- [Exercise description]: Nothing but the lines from the one with "BMW寶馬 320I TOURING" through the last line of the entries below should appear in the copy, please, and no pictures.

- [Information given]:
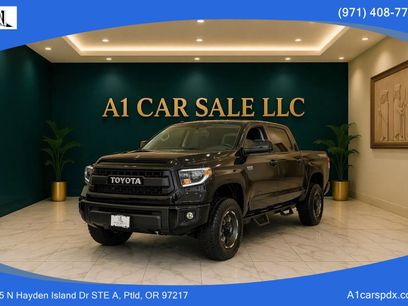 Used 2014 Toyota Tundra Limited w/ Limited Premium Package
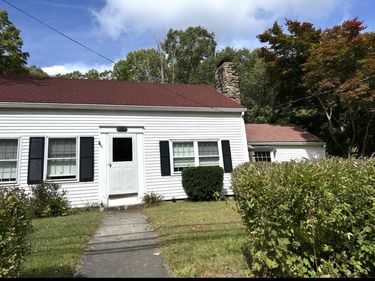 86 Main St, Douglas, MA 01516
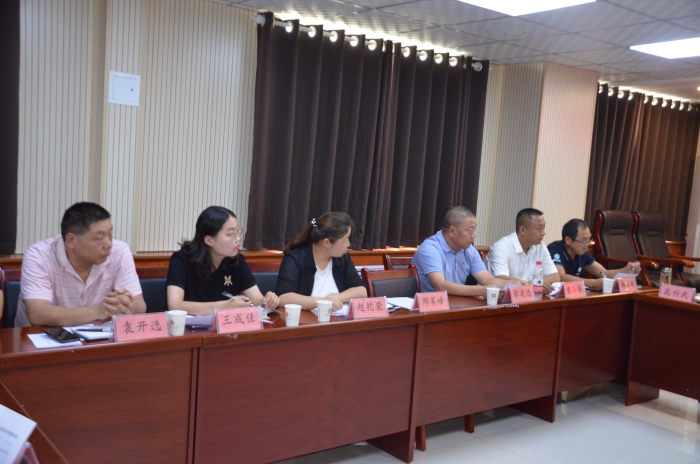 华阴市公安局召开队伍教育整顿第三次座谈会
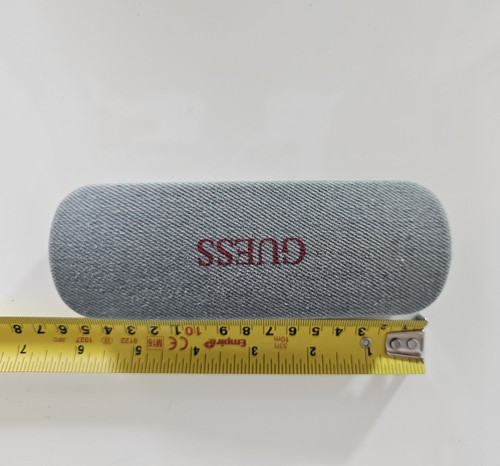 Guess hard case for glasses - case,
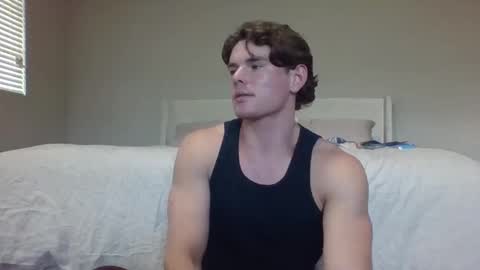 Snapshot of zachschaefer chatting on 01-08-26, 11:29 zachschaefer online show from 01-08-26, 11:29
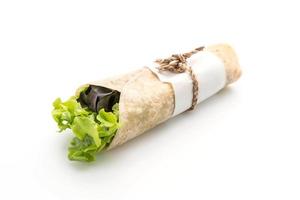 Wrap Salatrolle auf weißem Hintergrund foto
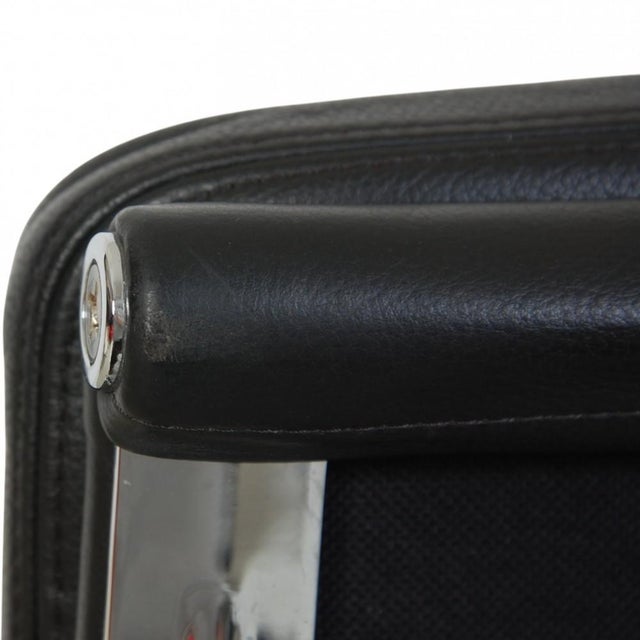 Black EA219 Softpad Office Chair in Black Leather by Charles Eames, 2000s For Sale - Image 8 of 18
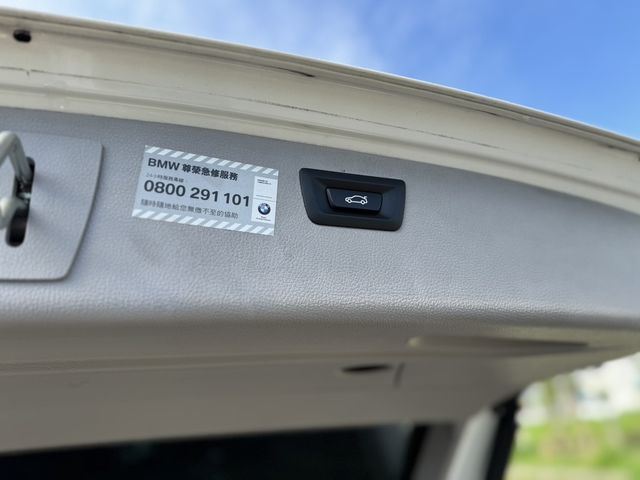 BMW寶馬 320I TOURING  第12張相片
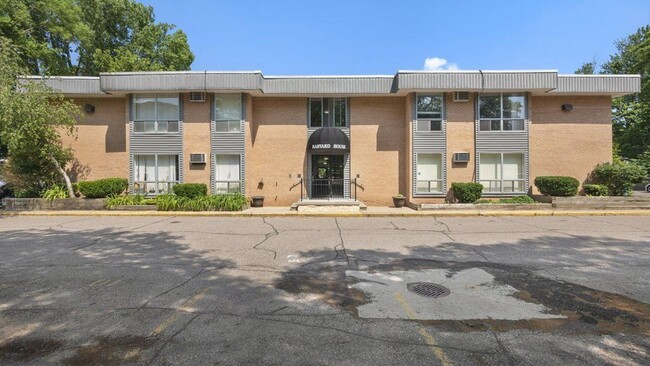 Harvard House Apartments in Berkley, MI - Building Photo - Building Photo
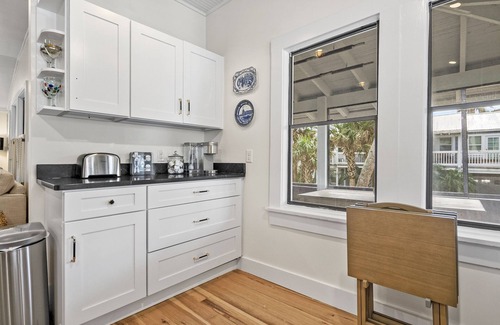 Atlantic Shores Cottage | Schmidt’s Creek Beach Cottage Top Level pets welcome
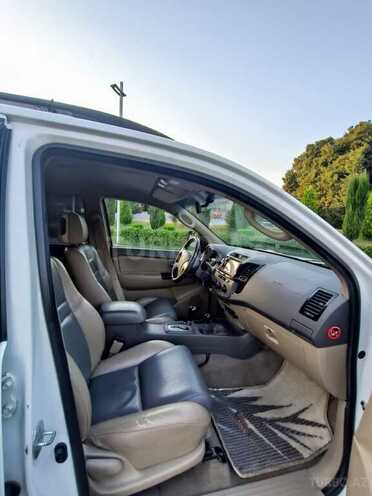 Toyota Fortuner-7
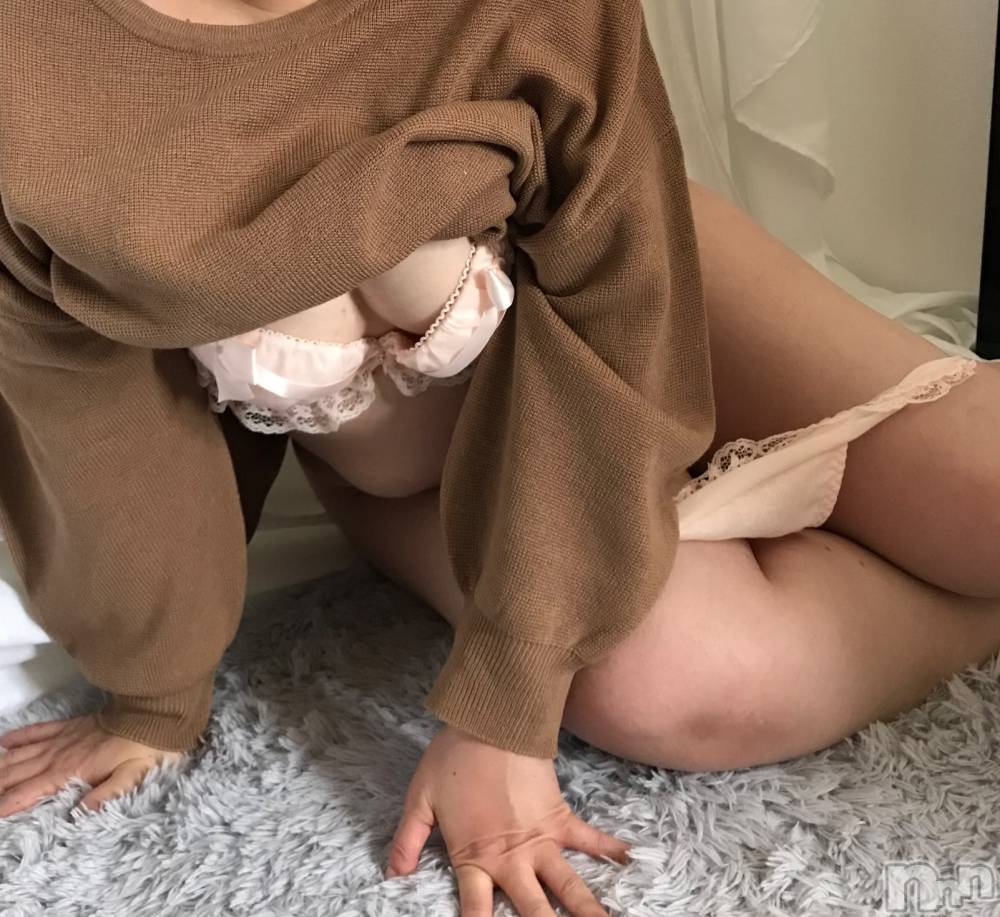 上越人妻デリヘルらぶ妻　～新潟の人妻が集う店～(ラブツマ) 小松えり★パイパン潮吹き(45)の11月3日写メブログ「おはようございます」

- [Response]:
 BMW寶馬 320I TOURING  第12張相片
 Harvard House Apartments in Berkley, MI - Building Photo - Building Photo
 Atlantic Shores Cottage | Schmidt’s Creek Beach Cottage Top Level pets welcome
 Toyota Fortuner-7
 上越人妻デリヘルらぶ妻　～新潟の人妻が集う店～(ラブツマ) 小松えり★パイパン潮吹き(45)の11月3日写メブログ「おはようございます」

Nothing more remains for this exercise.